== Segment start ==

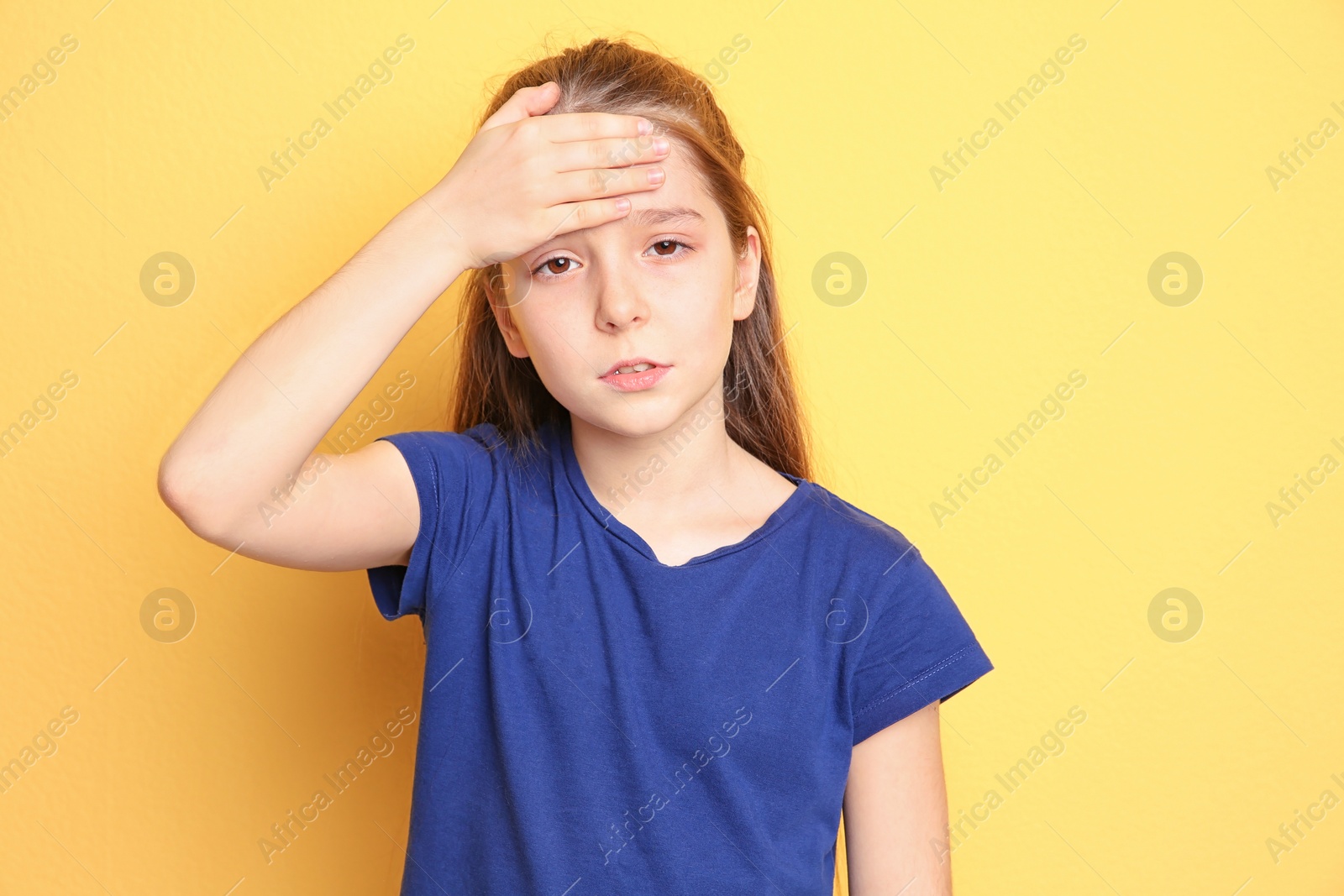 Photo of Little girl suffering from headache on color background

== Segment end ==
== Segment start ==

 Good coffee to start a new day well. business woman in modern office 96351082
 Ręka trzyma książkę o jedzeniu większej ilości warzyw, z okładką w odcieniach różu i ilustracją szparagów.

== Segment end ==
== Segment start ==

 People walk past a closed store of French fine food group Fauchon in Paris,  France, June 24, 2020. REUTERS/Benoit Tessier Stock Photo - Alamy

== Segment end ==

* Aim of the exercise: Look above for the line with "Good coffee to"; retype exactly that line, every line after it up to the line with "Ręka trzyma książkę", and that line too, nothing else.

* Output for this task:
 Good coffee to start a new day well. business woman in modern office 96351082
 Ręka trzyma książkę o jedzeniu większej ilości warzyw, z okładką w odcieniach różu i ilustracją szparagów.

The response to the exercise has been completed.